A specialist in the field of labor law and labor relations, Sachs teaches classes with the following titles: "Labor Law," Employment Law," and "The Law and Social Change Workshop."[3] His publications in law reviews primarily cover labor organizing as well as the activities and legal status of unions in U.S. politics. His proposal in 2012 for reform of campaign finance rules has stimulated debate on how best to rein in corporate power after the landmark decision in Citizens United v. FEC (2010) by the Supreme Court of the United States.[4]

Career

Sachs obtained a BA from Oberlin College in 1993. He then attended Yale Law School, receiving a JD in 1998.[5] After graduation, he became a judicial law clerk during 1998 and 1999 for Stephen Reinhardt of the United States Court of Appeals for the Ninth Circuit. He would later publish in the Yale Law Journal [6] an analysis of Reinhardt’s jurisprudence in the field of labor law. Reinhardt made around 150 rulings in US labor law cases, and Sachs focused on three aspects: the protection of workers from retaliation for organizing under provisions of the Fair Labor Standards Act (FLSA),the ability of undocumented workers to assert rights under Title VII of the Civil Rights Act of 1964, and the scope for unions to spend member dues on organizing new workers.[7]

Sachs worked from 1999 to 2002 as an attorney for Make the Road by Walking, a Brooklyn-based community organization representing working-class neighborhoods in New York City and Long Island. He then took the post of Assistant General Counsel for the Service Employees International Union between 2002 and 2006.[5][8]

He held the Joseph Goldstein Fellowship as well as lectureship appointments at Yale Law School starting in fall 2005.He joined the Harvard Law School faculty in 2008.[9]

Academic work

Sachs writes about labor issues through the blog "onlabor.org" and op-ed pieces that have appeared in the New York Times. In the latter, he has argued that the law should recognize “food workers” as a legal category and then offer a set of heightened employment protections to this class of employees in order to ensure food safety and public health.[10] He has also called for greater rights for workers to form political unions at the workplace, a kind of organization that could be “unbundled” from the collective bargaining function of traditional unions.[11]

In the aftermath of the 2010 decision in Citizens United v. FEC, in which the Supreme Court ruled that corporations have broad rights to spend monies from corporate treasuries on political campaigns, Sachs wrote in the Columbia Law Review that since labor unions face the constraint imposed by the federal government permitting individual members to opt out and ask for a refund of dues used for political spending, corporations should also be compelled to provide an opt-out provision for shareholders who object to political spending from corporate treasuries.[12] In the New York Times (July 13, 2012), Sachs described what he saw as a fundamental injustice in this legal lack of symmetry: “What Citizens United failed to account for…. is that a significant portion of the money that corporations are spending on politics is financed by equity capital provided by public pension funds — capital contributions that the government requires public employees to finance with their paychecks.
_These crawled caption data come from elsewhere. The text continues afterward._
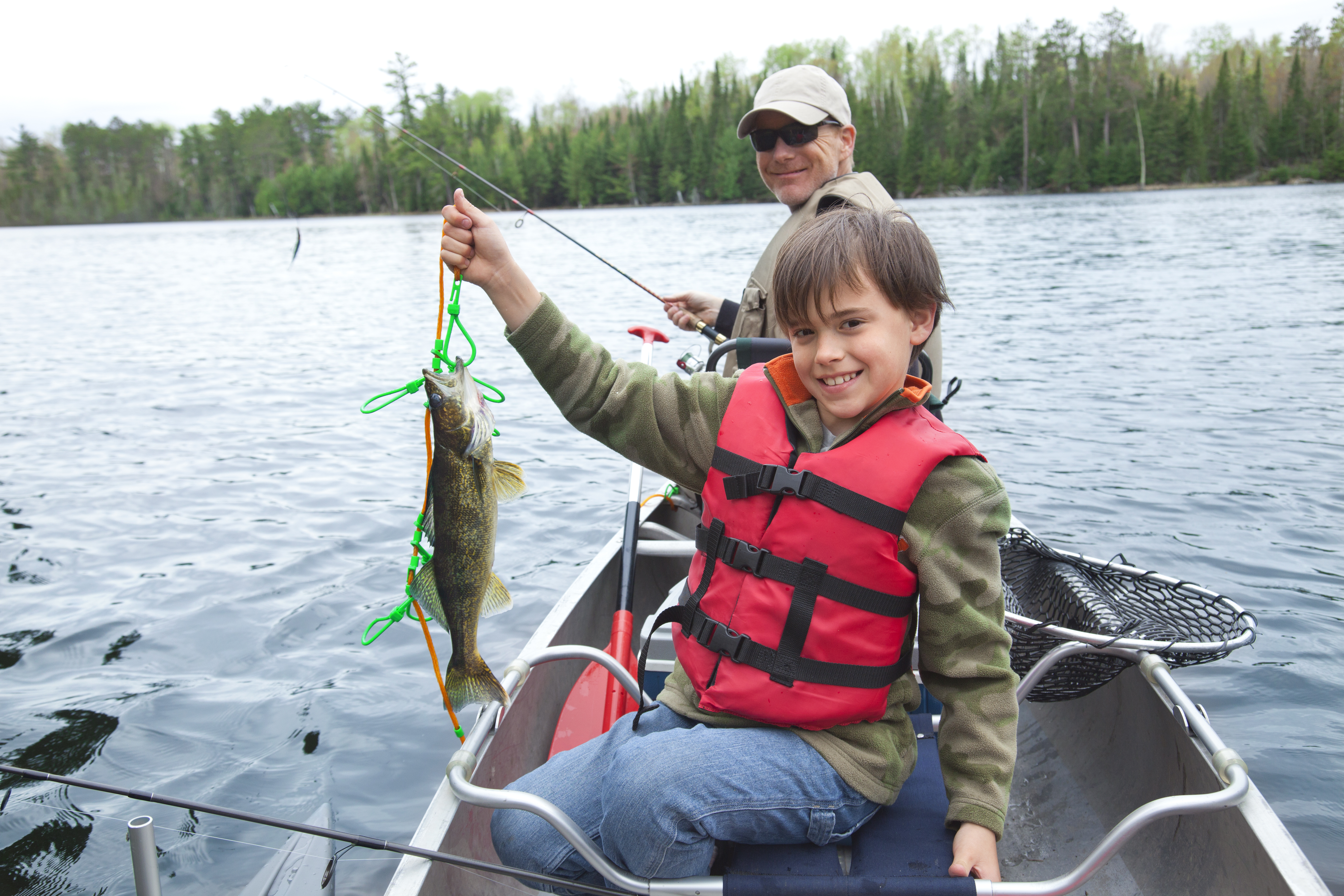 Boy smiling and wearing a life jacket while holding up a fish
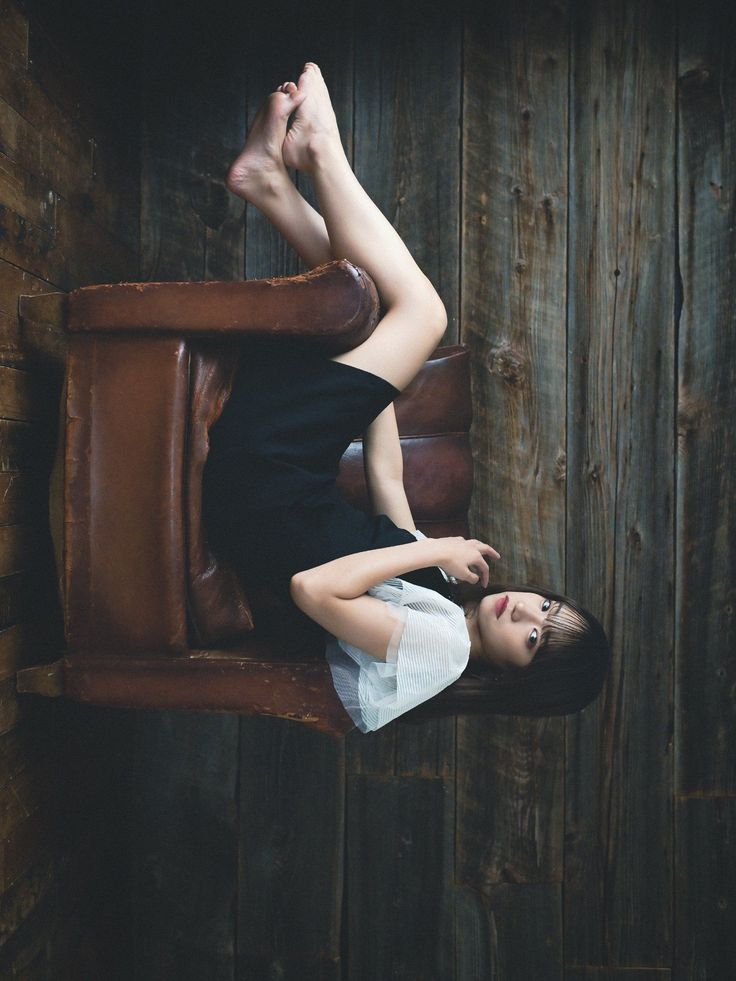 Woman in a black dress lying on a brown armchair with her feet up against a wooden wall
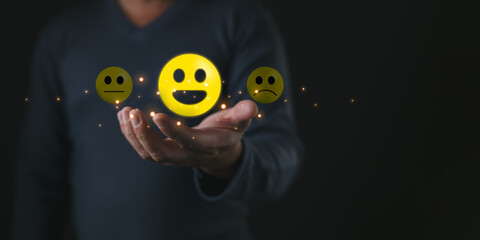 A person holds glowing emoticons showing happy,neutral,and sad faces symbolizing think positive...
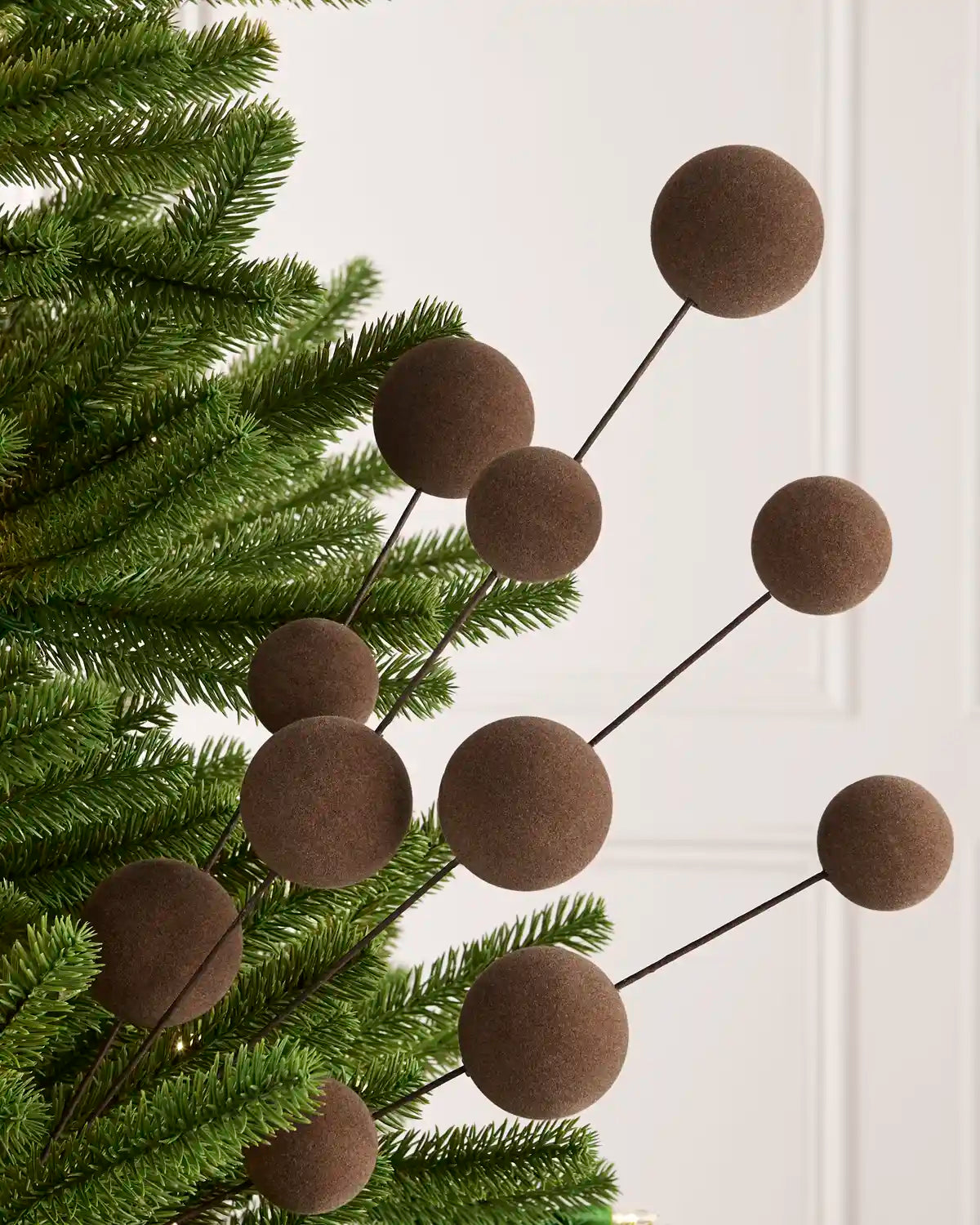 Brown felt ball branch garland with dark metal stems, shown draped over green Christmas tree branches against a white paneled wall.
This consequence of Citizens United is perverse: requiring public employees to finance corporate electoral spending amounts to compelled political speech and association, something the First Amendment flatly forbids.”[13]

Sachs’s writings about the Citizens United decision has provoked debates.[14] Matthew T. Bodie, professor at the St. Louis University School of Law, countered in the Columbia Law Review with an interpretation suggesting that both labor unions and corporations should be regarded as economic actors pursuing business interests. In contrast to Sachs, he believes that the correct path to attaining legal symmetry is to remove the Supreme Court’s imposed rules requiring labor unions to provide opt-out rights and compensation for members.[15]

Jamin B. Raskin, professor of constitutional law at American University and majority whip of the Maryland State Senate, discussed Sachs' proposed reform delivered the 2014 Jerry Wurf Memorial Lecture at Harvard. Raskin expressed dislike for how the Supreme Court is increasingly treating corporations as political membership groups while undermining that status for labor unions. In his view, unions have much deeper provisions for democratic one-person, one-vote rules for the membership than corporations dominated by big shareholders. For Raskin, moreover, the Sachs reform ultimately cannot stem the rising tide of corporate wealth overwhelming the political system. Arguing that Citizens United represents such an acute rupture and power shift from previous rulings, he judges that rule changes Sachs proposes "would make little practical difference." He observed, “Corporations have trillions of dollars in the treasury—not from the generosity of individual political contributors but from business and investment activity completely apart from politics--and they can spend billions of dollars on political ventures quite effortlessly. The labor movement has shrunk in size, wealth, and power, and has only the dues of its embattled working-class members to contribute and spend. This is a sum measured today not in trillions or billions but in millions. Labor cannot enter a fair political fight on the terrain that has been defined by Citizens United."[16]

Honors

In 2013, Harvard Law School gave Sachs the Sacks-Freund Award for Teaching Excellence. Previously he was the Joseph Goldstein Fellow at Yale Law School where he won the Yale Law School teaching award in 2007.[17]

Selected Publications

Books

Sachs, Benjamin I. Reorganizing Work: The Evolution of Work Changes in the Japanese and Swedish Automobile Industries (Garland Publishing 1994).

Law review publications

Sachs, Benjamin and Catherine Fisk, “Restoring Equity in Right-to-Work Law,” 4 U.C. Irvine L. Rev. 857 (2014)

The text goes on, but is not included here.